For what you seem to be trying to do, try matching every character except the dash, and use alternation to get the dashes that are not preceded by space:
r'([^-]|(?<!\s-))'
(Edited after question added examples)
If you can trust that ' - '
always separates an artist from a song title, and will always do so on its first occurrence, you can just use the split
method on each string, as follows:
>>> "jay-z - title".split(' - ', 1)
['jay-z', 'title']
>>> 'prince - purple rain'.split(' - ', 1)
['prince', 'purple rain']
>>> 'prince - purple rain - a love-song'.split(' - ', 1)
['prince', 'purple rain - a love-song']
split
takes a substring on which to split, and an optional maximum number of splits to do from that string. split
returns the source string split into a list of substrings on the split argument, with the split argument removed.
Specifying a maximum number of splits N returns a list of N+1 substrings with the first N instances of the split target removed.
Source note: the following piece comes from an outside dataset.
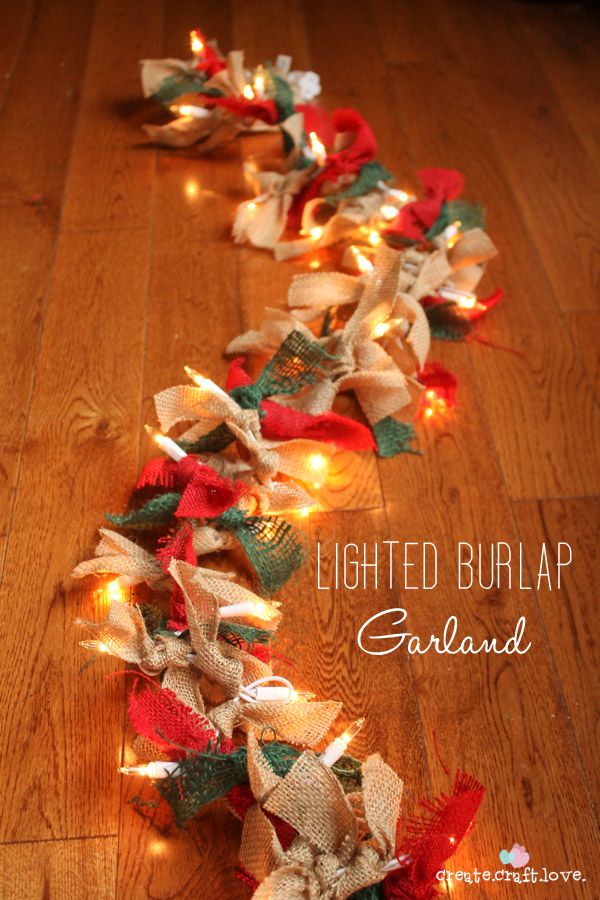 Lighted Burlap Garden by Create Craft Love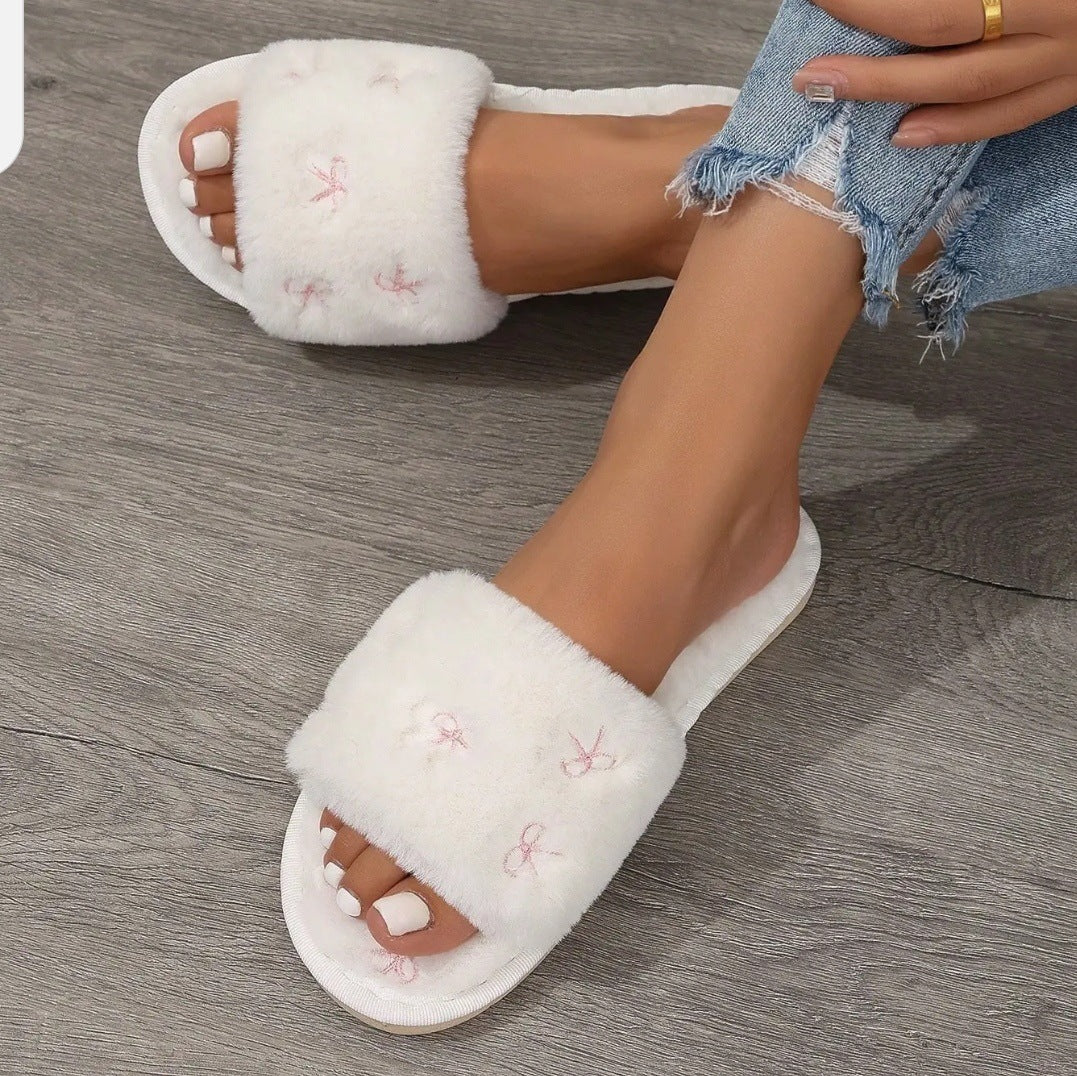 Bow Embroidered Plush Soft Slippers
Any subsequent instances of the split target are left in place.
split
defaults to left-to-right reading of the string, and you can get right-to-left reading of the string with rsplit
, which also supports a maxsplit
optional argument:
>>> 'prince - purple rain - a love-song'.split(' - ', 1)
['prince', 'purple rain - a love-song']
>>> 'prince - purple rain - a love-song'.rsplit(' - ', 1)
['prince - purple rain', 'a love-song']
The built-in string type has a lot of functionality, which you can find in the Python documentation.